As THINC’s registrar, Pike will be responsible for assigning students the right classes with the right teachers. At LaGrange High School, her job was to supervise counselors; review transcripts; oversee academic advisements; and develop the master schedule for the upcoming year. At THINC, Pike’s job will be similar, except instead of one school, she’ll be working with all three high schools to develop a master schedule that aligns to theirs and thatmeets the needs of the students.

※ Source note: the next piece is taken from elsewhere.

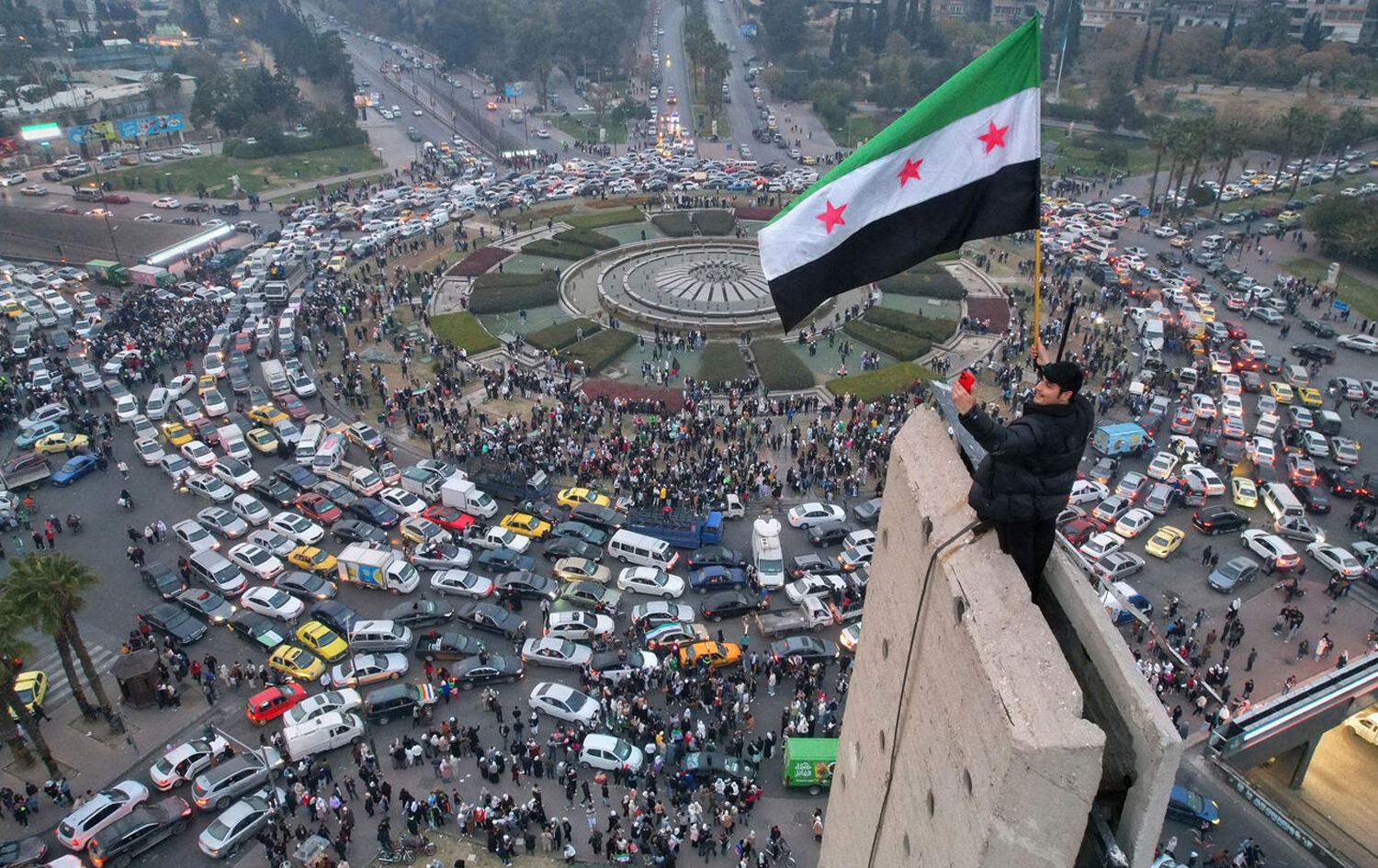 Türkiye says over 450,000 Syrians returned since Assad’s fall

“I’m where I want to be,” Pike continued. “I want to see students succeed. I mean, today, a student could potentially enter a position as lineman, making $50,000. But to do that, she/he must be ready. Many people from industry tell us that young people who apply are not competent. They show up late. They’re inattentive to the work demands. They just don’t have the soft skills required. They’re missing a great opportunity by not being ready.” She paused, then continued. “Well, we’re going to get them ready.”

“I’m very excited to be at THINC,” she says. “I will be the registrar, and, I will also function as an academic/career advisor. The way I visualize it, I will have tons of interaction with students everyday.